● Required action:
The entries below contain a stretch that opens with the line containing "Camarones Enchilados (Cuban" and closes with the line containing "Annonce AUDI Q5 Hybride 2022 d'occasion"; set down that stretch exactly, both ends included, and nothing else.

● Data for the task:
▼▼▼
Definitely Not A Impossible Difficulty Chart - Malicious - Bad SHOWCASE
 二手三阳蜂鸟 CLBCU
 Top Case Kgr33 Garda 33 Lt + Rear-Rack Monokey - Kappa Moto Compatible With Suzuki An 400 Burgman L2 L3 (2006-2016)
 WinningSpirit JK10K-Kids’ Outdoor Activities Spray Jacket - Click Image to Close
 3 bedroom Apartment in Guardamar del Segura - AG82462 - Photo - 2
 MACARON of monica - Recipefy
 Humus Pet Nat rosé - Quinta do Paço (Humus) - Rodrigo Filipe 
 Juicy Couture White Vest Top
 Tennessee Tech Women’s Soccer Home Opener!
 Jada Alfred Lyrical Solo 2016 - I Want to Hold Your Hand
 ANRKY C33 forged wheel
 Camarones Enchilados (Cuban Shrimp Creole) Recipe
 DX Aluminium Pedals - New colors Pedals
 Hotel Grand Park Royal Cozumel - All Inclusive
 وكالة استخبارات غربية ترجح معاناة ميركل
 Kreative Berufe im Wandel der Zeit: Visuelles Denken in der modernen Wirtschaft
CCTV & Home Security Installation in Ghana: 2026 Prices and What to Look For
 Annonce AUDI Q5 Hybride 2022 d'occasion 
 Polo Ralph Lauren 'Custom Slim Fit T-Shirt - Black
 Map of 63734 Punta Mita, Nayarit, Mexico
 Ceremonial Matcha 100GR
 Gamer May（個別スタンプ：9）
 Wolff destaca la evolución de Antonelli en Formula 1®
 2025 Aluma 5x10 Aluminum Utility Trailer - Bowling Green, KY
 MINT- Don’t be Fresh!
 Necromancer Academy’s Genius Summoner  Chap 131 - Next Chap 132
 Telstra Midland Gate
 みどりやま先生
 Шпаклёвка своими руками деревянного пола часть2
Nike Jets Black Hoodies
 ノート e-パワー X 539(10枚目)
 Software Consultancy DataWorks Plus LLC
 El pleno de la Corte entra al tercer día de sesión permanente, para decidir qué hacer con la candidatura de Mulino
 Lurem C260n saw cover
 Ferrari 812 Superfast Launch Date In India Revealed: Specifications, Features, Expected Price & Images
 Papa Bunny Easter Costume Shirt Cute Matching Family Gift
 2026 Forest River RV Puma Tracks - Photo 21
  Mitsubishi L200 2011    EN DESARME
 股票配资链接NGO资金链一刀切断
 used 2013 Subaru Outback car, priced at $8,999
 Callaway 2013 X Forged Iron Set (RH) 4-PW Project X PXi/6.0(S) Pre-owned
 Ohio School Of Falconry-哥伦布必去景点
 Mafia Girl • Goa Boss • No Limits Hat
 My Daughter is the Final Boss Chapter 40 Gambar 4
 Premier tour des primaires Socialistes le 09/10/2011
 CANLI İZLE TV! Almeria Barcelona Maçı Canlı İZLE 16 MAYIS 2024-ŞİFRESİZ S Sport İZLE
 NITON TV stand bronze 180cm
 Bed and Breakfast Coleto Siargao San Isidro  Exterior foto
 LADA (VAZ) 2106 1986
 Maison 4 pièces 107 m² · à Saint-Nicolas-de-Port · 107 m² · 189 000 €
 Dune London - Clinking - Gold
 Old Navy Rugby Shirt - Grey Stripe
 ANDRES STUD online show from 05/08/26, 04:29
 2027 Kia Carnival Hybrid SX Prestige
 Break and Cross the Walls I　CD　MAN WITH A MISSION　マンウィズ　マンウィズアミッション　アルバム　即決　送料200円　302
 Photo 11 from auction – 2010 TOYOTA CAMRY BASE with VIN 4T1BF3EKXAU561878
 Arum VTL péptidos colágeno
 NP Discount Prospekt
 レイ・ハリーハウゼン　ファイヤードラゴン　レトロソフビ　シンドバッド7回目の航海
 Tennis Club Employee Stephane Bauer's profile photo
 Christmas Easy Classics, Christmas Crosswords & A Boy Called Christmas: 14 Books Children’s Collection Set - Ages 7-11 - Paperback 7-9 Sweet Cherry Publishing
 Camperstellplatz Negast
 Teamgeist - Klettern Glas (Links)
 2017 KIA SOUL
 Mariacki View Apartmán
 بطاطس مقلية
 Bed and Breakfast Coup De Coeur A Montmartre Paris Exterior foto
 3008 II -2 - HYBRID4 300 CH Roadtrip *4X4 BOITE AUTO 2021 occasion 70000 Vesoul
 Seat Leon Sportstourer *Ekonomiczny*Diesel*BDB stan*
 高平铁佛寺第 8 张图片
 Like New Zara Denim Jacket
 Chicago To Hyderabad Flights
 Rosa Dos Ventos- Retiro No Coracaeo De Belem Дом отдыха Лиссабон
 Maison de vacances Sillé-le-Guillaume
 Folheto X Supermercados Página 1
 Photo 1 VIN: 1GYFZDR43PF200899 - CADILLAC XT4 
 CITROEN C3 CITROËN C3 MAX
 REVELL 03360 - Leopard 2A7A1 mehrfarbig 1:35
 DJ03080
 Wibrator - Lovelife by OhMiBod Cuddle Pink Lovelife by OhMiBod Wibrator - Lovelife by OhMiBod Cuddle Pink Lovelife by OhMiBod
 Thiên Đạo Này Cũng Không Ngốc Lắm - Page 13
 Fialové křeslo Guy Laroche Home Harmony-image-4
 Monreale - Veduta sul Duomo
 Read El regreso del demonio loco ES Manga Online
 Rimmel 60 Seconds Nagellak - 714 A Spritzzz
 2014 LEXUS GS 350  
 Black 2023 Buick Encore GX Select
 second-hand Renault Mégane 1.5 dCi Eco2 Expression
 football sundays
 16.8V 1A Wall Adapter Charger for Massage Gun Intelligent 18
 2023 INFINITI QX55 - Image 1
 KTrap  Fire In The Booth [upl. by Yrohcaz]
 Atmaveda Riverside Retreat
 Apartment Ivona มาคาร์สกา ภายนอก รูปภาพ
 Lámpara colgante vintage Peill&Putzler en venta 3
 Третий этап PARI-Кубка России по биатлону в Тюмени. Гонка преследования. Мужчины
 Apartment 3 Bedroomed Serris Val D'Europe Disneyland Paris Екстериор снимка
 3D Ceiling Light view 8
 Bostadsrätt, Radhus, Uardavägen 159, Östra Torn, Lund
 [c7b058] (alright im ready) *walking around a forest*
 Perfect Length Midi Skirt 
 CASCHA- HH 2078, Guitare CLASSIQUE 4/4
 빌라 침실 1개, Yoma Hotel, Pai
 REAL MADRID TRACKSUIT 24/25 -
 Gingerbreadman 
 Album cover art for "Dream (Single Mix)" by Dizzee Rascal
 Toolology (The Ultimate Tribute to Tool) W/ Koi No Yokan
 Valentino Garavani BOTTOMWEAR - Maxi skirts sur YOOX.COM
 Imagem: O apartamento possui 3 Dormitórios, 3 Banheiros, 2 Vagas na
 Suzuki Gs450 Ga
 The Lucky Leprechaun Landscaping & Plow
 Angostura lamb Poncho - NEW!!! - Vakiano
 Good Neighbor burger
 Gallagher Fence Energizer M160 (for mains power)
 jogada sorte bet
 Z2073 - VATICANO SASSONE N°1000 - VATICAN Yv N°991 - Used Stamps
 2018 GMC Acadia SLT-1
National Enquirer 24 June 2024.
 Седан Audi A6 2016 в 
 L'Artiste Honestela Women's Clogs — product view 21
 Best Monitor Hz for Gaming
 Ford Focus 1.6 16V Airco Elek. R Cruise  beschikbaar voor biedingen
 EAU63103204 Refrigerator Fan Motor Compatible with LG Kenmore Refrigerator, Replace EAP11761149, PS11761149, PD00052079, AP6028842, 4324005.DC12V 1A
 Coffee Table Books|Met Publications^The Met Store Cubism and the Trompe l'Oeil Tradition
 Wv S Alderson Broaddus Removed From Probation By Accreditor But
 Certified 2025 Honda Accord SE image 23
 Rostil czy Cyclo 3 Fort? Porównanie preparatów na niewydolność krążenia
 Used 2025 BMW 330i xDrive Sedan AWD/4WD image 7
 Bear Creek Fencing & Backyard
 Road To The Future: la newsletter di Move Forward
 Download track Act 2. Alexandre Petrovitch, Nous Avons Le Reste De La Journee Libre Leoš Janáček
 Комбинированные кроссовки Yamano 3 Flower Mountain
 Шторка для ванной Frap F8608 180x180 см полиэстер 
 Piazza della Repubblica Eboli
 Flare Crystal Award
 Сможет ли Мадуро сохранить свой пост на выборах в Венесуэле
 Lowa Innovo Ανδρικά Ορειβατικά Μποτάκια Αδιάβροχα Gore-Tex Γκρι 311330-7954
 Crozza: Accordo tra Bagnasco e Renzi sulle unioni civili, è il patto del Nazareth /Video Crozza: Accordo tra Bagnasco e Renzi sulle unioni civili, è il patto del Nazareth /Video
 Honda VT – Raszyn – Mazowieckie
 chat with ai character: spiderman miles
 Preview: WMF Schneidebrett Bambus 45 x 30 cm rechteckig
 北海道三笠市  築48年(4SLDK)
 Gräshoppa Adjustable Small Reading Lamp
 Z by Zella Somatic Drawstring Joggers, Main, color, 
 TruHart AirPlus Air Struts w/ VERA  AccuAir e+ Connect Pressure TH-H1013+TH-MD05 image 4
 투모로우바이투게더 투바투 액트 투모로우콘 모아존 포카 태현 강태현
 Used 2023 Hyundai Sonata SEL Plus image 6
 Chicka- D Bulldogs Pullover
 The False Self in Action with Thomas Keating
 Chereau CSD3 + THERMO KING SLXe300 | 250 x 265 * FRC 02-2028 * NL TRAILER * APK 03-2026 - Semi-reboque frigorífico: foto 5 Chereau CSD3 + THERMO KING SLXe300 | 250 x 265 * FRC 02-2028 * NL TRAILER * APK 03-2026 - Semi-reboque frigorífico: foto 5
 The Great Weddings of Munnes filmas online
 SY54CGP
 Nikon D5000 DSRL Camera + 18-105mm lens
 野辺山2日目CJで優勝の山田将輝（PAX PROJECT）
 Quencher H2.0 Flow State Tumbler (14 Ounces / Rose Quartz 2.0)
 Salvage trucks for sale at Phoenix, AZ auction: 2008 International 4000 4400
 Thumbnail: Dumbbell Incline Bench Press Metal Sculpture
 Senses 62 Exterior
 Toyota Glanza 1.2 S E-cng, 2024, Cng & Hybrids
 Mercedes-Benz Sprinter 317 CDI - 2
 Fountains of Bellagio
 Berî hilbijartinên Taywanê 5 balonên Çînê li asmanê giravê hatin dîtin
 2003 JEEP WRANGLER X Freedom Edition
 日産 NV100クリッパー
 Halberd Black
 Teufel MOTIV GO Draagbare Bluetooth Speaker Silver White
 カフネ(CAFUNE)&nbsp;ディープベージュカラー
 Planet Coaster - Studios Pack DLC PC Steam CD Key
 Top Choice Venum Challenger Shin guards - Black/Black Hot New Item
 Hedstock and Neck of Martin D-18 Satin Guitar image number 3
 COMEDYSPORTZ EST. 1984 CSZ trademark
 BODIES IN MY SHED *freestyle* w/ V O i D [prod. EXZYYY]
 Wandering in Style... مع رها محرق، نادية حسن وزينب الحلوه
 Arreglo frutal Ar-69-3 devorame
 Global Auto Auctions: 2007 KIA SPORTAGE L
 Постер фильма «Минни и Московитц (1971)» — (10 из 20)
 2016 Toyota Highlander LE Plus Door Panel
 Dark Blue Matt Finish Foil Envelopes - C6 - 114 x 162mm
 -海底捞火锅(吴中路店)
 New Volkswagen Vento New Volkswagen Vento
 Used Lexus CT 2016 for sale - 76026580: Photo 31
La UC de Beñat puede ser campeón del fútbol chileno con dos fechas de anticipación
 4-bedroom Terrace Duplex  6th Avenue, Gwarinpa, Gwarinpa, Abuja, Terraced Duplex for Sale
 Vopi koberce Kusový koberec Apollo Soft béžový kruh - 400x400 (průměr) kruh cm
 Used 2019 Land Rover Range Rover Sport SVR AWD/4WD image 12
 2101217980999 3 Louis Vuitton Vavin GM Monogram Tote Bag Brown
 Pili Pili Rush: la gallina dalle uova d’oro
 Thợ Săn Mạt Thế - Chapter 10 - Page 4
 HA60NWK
▲▲▲
● Exercise result:
 Camarones Enchilados (Cuban Shrimp Creole) Recipe
 DX Aluminium Pedals - New colors Pedals
 Hotel Grand Park Royal Cozumel - All Inclusive
 وكالة استخبارات غربية ترجح معاناة ميركل
 Kreative Berufe im Wandel der Zeit: Visuelles Denken in der modernen Wirtschaft
CCTV & Home Security Installation in Ghana: 2026 Prices and What to Look For
 Annonce AUDI Q5 Hybride 2022 d'occasion 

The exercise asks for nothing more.